:: Task objective ::
Everything from the line containing "Meadow daisy dress" through the final line of the entries, both included, should be copied exactly and with nothing else; please skip pictures.

:: Recorded information ::
================================

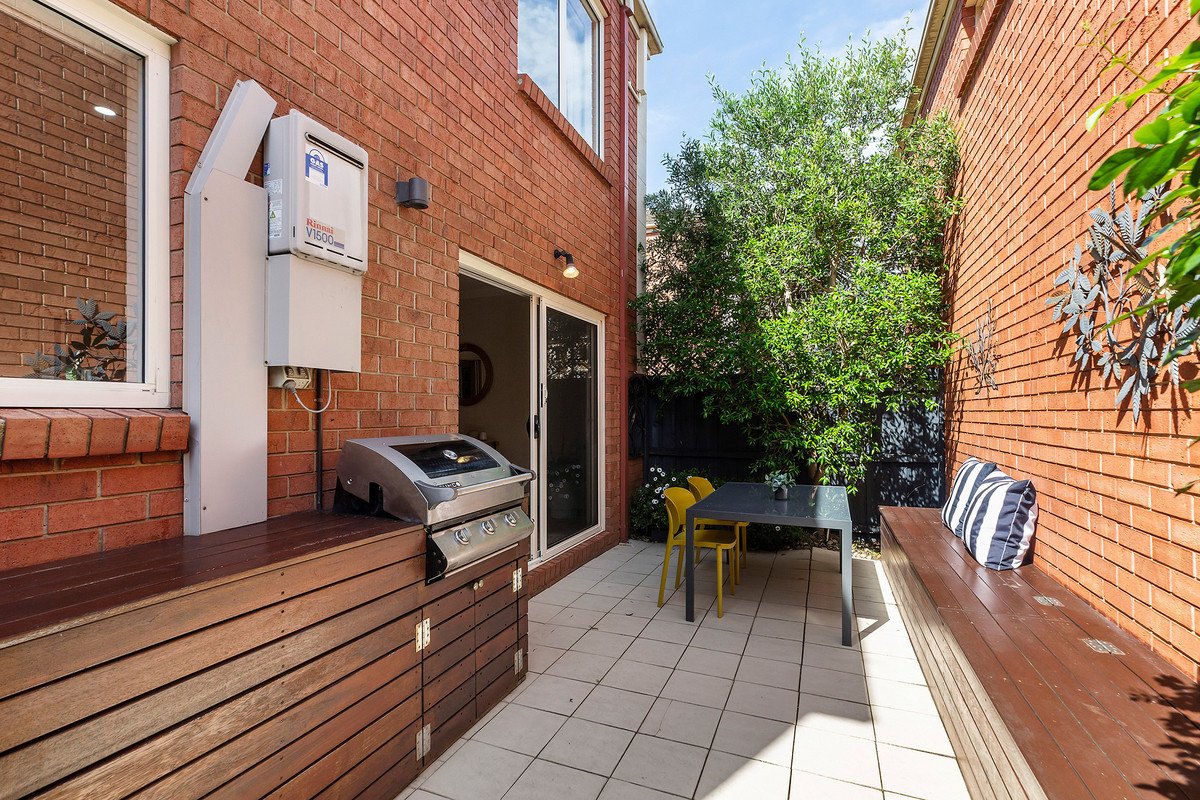 1/696 Burwood Road, Hawthorn East image 8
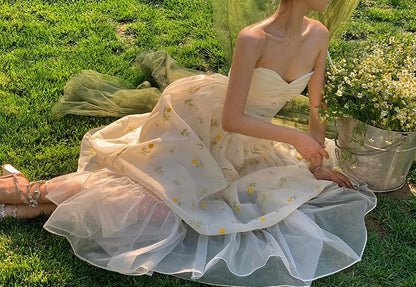 Meadow daisy dress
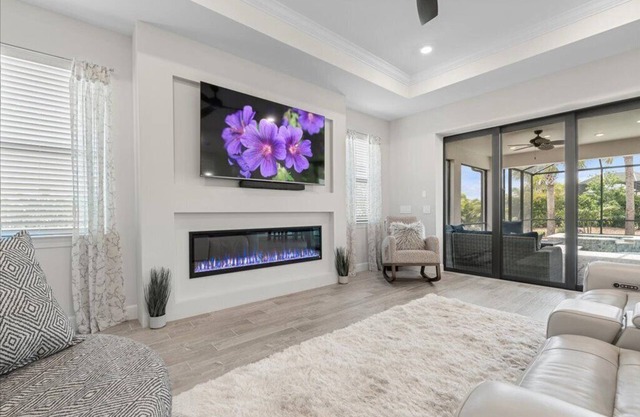 Luxury Private Home with Pool and Spa in Lakewood Ranch!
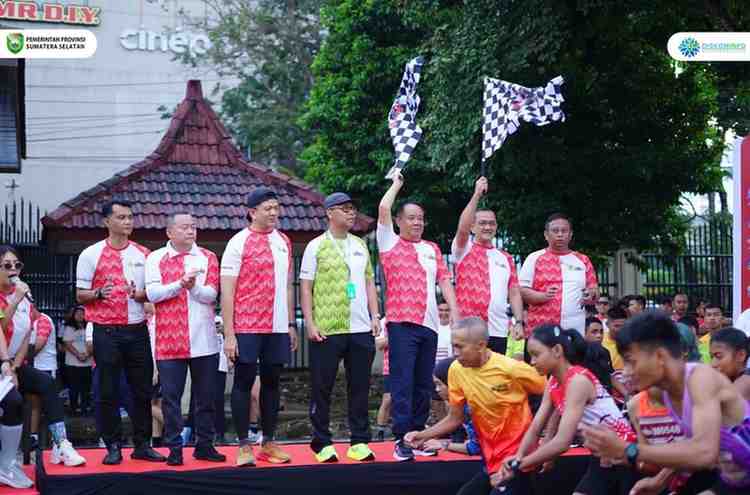 H. Cik Ujang, pagi ini secara resmi melepas ratusan peserta lomba lari Musi 5K yang diselenggarakan oleh komunitas Musi Runners Palembang. Acara pelepasan berlangsung meriah di halaman Kantor DPRD Provinsi Sumsel, Minggu, (4/5/2025).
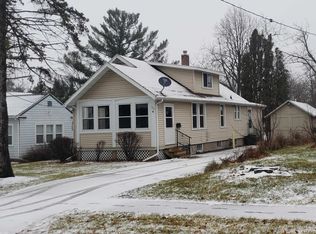 370 W Cedar St, Platteville, WI 53818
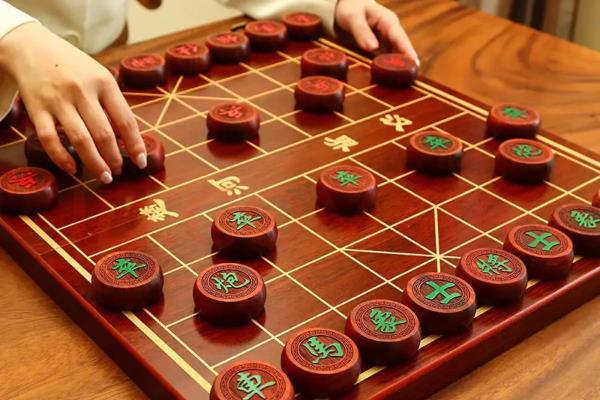 象棋楚河汉界马怎么过（马如何巧妙穿越楚河汉界，夺取胜利）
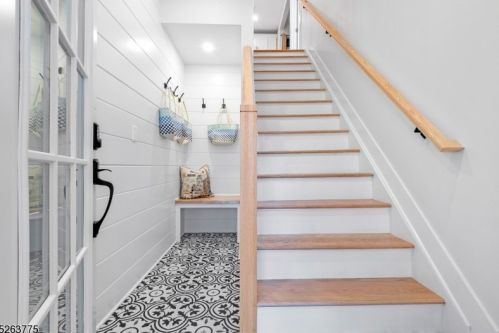 516 Pleasant Valley Way, Town Center NJ  07052-2833 exterior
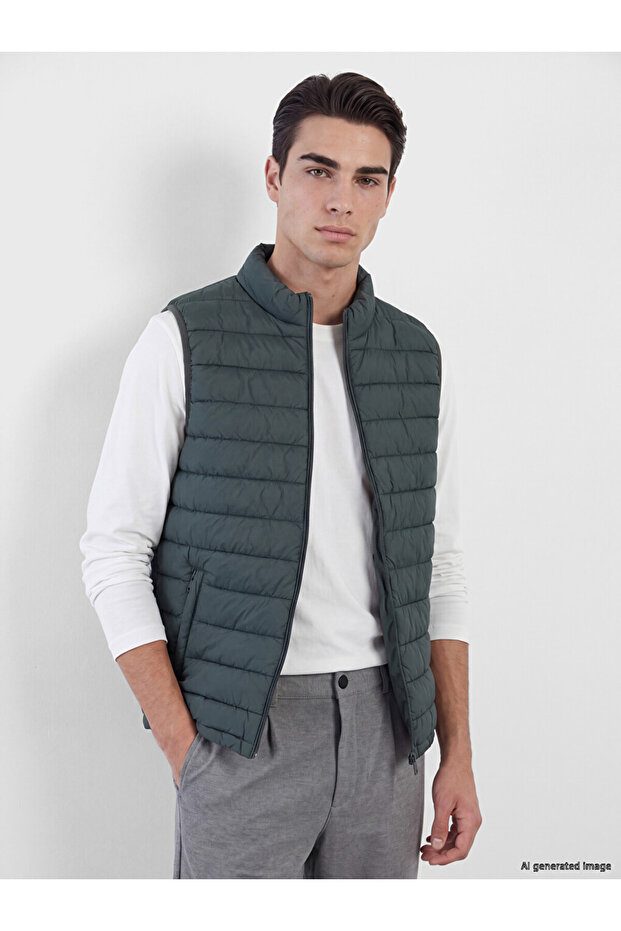 Lcwaikiki Classic Regular Fit Stand Collar Men's Puffer Vest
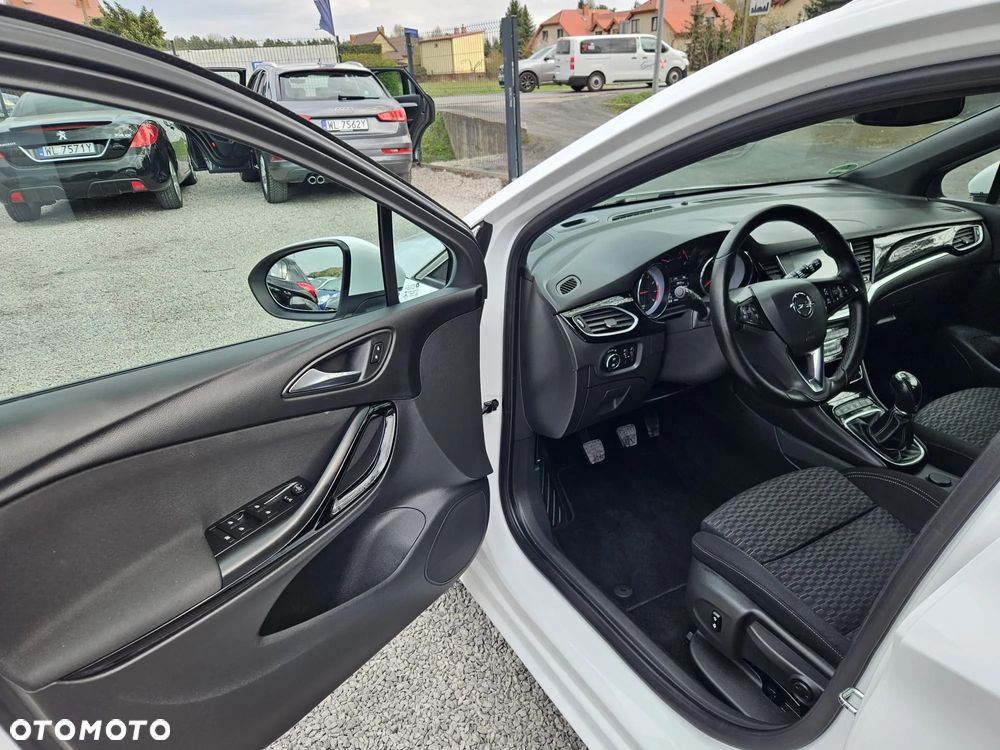 Opel Astra 1.4 Turbo Dynamic - 18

================================

:: Response to this exercise ::
 Meadow daisy dress
 Luxury Private Home with Pool and Spa in Lakewood Ranch!
 H. Cik Ujang, pagi ini secara resmi melepas ratusan peserta lomba lari Musi 5K yang diselenggarakan oleh komunitas Musi Runners Palembang. Acara pelepasan berlangsung meriah di halaman Kantor DPRD Provinsi Sumsel, Minggu, (4/5/2025).
 370 W Cedar St, Platteville, WI 53818
 象棋楚河汉界马怎么过（马如何巧妙穿越楚河汉界，夺取胜利）
 516 Pleasant Valley Way, Town Center NJ  07052-2833 exterior
 Lcwaikiki Classic Regular Fit Stand Collar Men's Puffer Vest
 Opel Astra 1.4 Turbo Dynamic - 18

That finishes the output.